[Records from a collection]
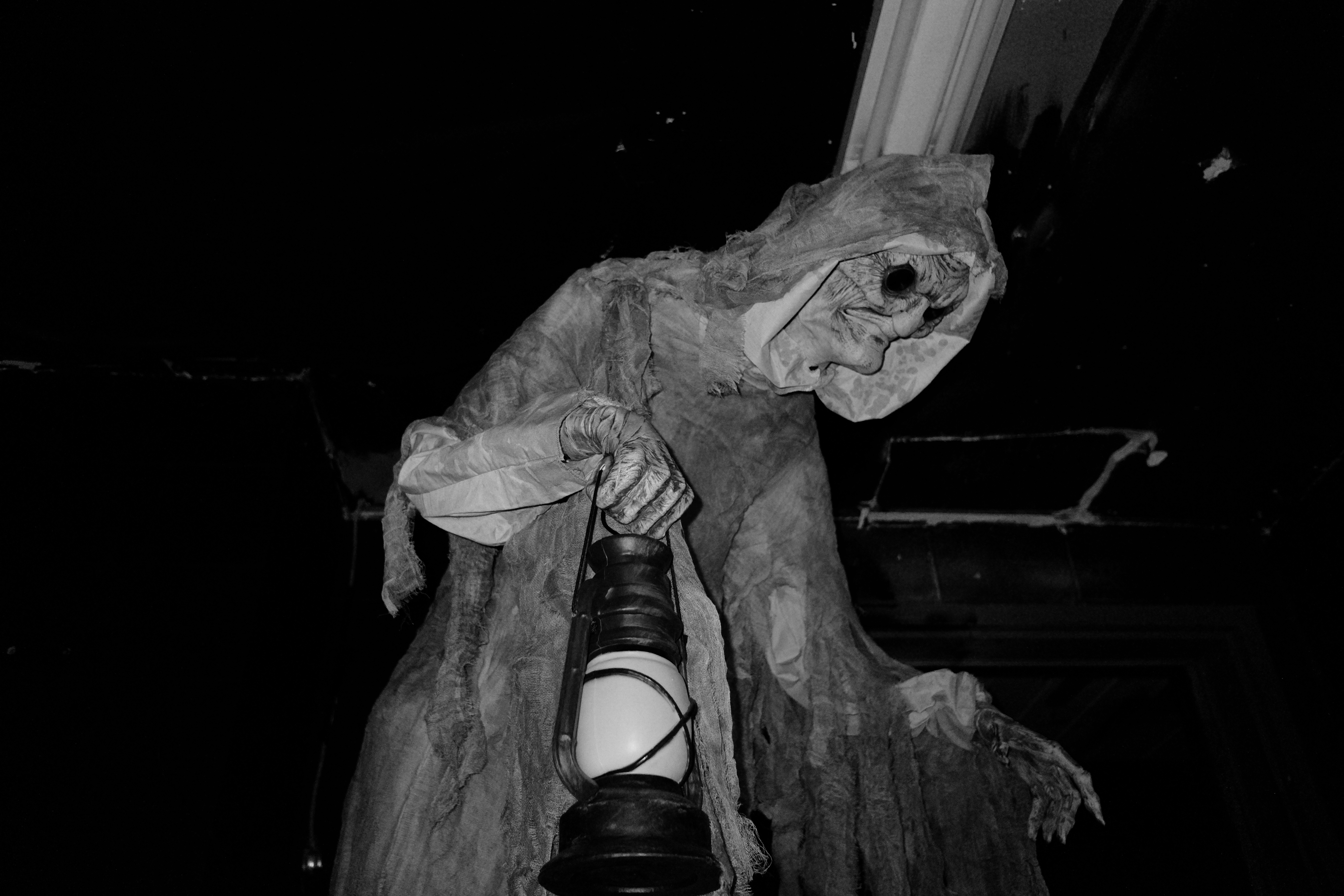 A black and white photo of an animatronic goblin. 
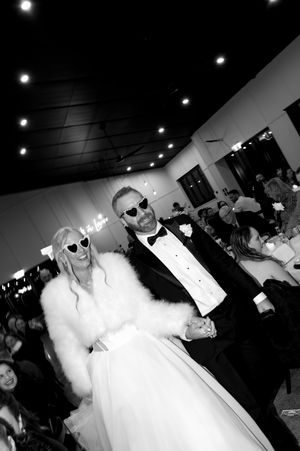 Wedding reception party with guests dancing in a dark venue with overhead lighting.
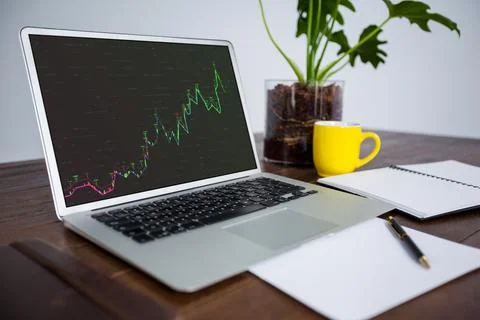 Laptop on desk with statistical data on screen Stockillustratie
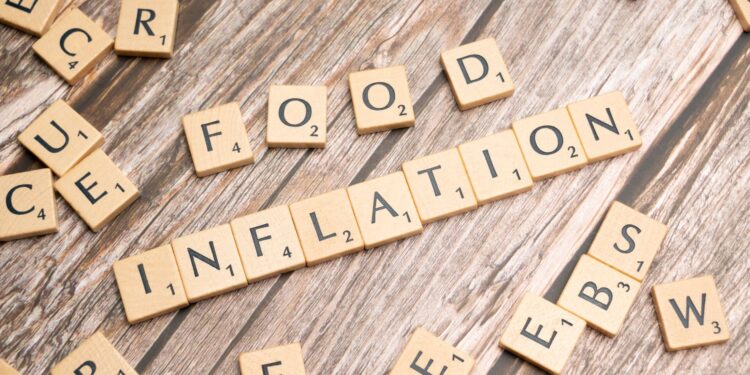 Ahşap masa üzerinde SCRABBLE harfleriyle 'INFLATION' yazısı oluşturulmuş.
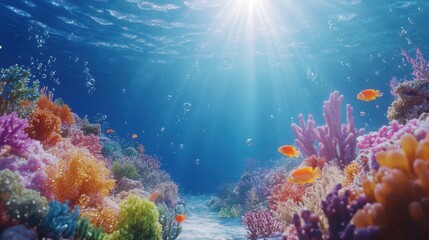 Obraz premium Vibrant underwater coral reef teeming with colorful fish and sunlight filters through water in a tranquil ocean setting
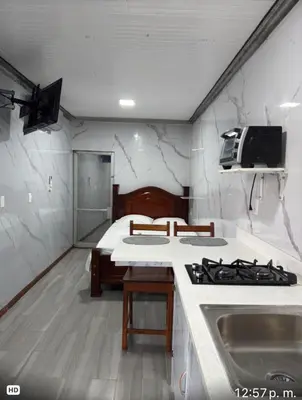 a kitchen with a stove and a counter top at Apartamento doña Lety in Fortuna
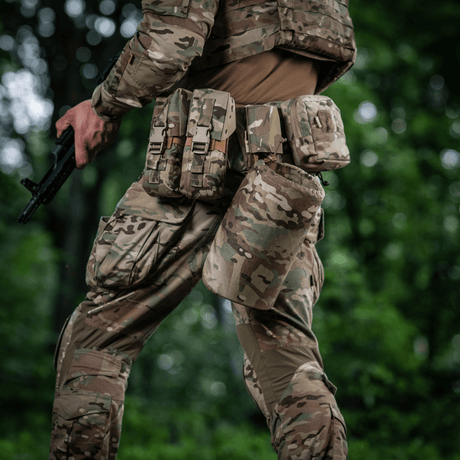 Tactical operator with M-Tac War Belt ARMOR, equipped with MOLLE system and Cordura 500D for fit and customization.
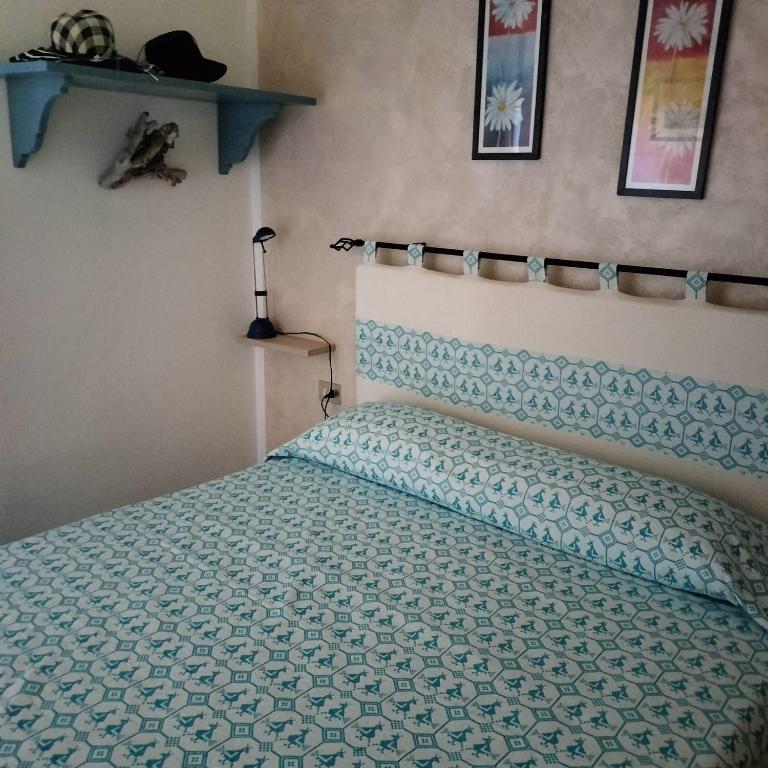 1 dormitorio con 1 cama con edredón azul en PM 22 Via Cala Sabina Guest House, en Stintino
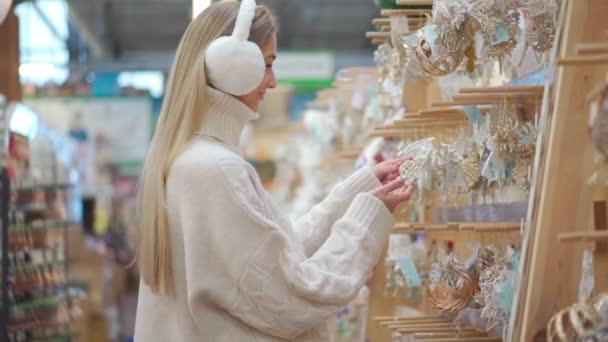 Kerstinkopen. Positieve Kaukasische vrouw wandelen supermarkt kiezen voor kerst ornament, gekleed witte trui en bont koptelefoon. Volwassen vrouw 30 jaar kerstdecor kopen — Stockvideo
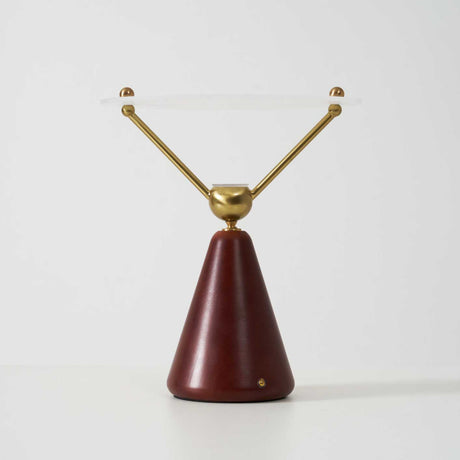 The wood cone base of the lamp seen against a plain ground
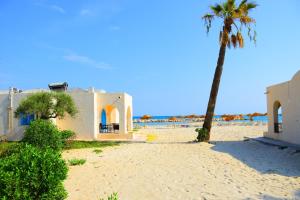 a palm tree and a house on the beach at Bungalow de Luxe en Bord de Mer a Nabeul in Bin Rhilouf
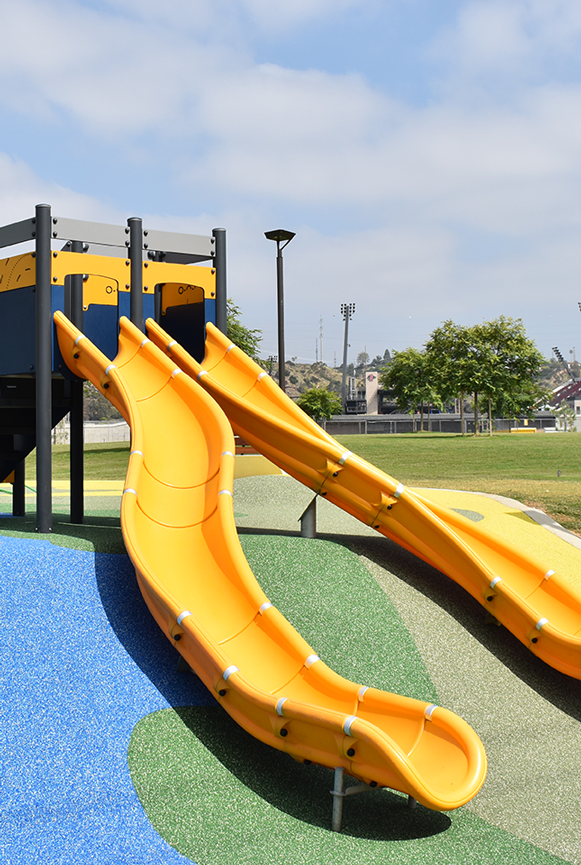 Image of one of the slides at the river park playground.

**Exercise instructions:**
Give back word for word the lines from the one containing "The wood cone" through the final line of the data above. Pictures are to be left out.

**Answer section:**
 The wood cone base of the lamp seen against a plain ground
 a palm tree and a house on the beach at Bungalow de Luxe en Bord de Mer a Nabeul in Bin Rhilouf
 Image of one of the slides at the river park playground.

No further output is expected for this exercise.